Activity
Every line in the listing below from the one with "La estrella colombiana" through the one with "Toyota CAMRY LE" is to be reproduced exactly, both ends included; leave out the rest.

━━ Input data

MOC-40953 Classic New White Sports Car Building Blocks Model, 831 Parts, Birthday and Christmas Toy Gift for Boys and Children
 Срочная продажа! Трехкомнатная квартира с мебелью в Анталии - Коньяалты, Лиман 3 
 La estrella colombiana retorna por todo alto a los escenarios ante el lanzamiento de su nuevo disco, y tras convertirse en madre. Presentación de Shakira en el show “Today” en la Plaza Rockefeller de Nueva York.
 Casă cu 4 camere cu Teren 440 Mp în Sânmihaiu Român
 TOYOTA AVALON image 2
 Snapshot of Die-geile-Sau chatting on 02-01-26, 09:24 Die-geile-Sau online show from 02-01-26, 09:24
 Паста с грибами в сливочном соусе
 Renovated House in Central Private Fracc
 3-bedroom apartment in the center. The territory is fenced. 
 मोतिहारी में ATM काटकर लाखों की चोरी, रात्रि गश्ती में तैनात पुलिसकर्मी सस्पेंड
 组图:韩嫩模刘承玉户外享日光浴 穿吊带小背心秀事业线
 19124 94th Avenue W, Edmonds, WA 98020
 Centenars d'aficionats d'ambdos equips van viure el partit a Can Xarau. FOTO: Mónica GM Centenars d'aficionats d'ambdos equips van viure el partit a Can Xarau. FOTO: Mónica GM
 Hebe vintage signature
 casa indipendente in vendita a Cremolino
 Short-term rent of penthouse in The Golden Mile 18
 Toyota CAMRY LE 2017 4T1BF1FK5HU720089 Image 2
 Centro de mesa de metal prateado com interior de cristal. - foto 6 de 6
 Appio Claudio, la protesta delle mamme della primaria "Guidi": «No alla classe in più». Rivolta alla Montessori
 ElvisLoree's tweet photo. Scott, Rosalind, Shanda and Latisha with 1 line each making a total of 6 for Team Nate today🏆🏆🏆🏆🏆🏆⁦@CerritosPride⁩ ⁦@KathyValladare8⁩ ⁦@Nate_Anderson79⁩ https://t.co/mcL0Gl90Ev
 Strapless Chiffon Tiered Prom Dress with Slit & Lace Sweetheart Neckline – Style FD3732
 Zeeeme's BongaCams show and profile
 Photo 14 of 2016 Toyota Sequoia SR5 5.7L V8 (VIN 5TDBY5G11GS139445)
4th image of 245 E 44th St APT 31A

━━━━

Expected output
 La estrella colombiana retorna por todo alto a los escenarios ante el lanzamiento de su nuevo disco, y tras convertirse en madre. Presentación de Shakira en el show “Today” en la Plaza Rockefeller de Nueva York.
 Casă cu 4 camere cu Teren 440 Mp în Sânmihaiu Român
 TOYOTA AVALON image 2
 Snapshot of Die-geile-Sau chatting on 02-01-26, 09:24 Die-geile-Sau online show from 02-01-26, 09:24
 Паста с грибами в сливочном соусе
 Renovated House in Central Private Fracc
 3-bedroom apartment in the center. The territory is fenced. 
 मोतिहारी में ATM काटकर लाखों की चोरी, रात्रि गश्ती में तैनात पुलिसकर्मी सस्पेंड
 组图:韩嫩模刘承玉户外享日光浴 穿吊带小背心秀事业线
 19124 94th Avenue W, Edmonds, WA 98020
 Centenars d'aficionats d'ambdos equips van viure el partit a Can Xarau. FOTO: Mónica GM Centenars d'aficionats d'ambdos equips van viure el partit a Can Xarau. FOTO: Mónica GM
 Hebe vintage signature
 casa indipendente in vendita a Cremolino
 Short-term rent of penthouse in The Golden Mile 18
 Toyota CAMRY LE 2017 4T1BF1FK5HU720089 Image 2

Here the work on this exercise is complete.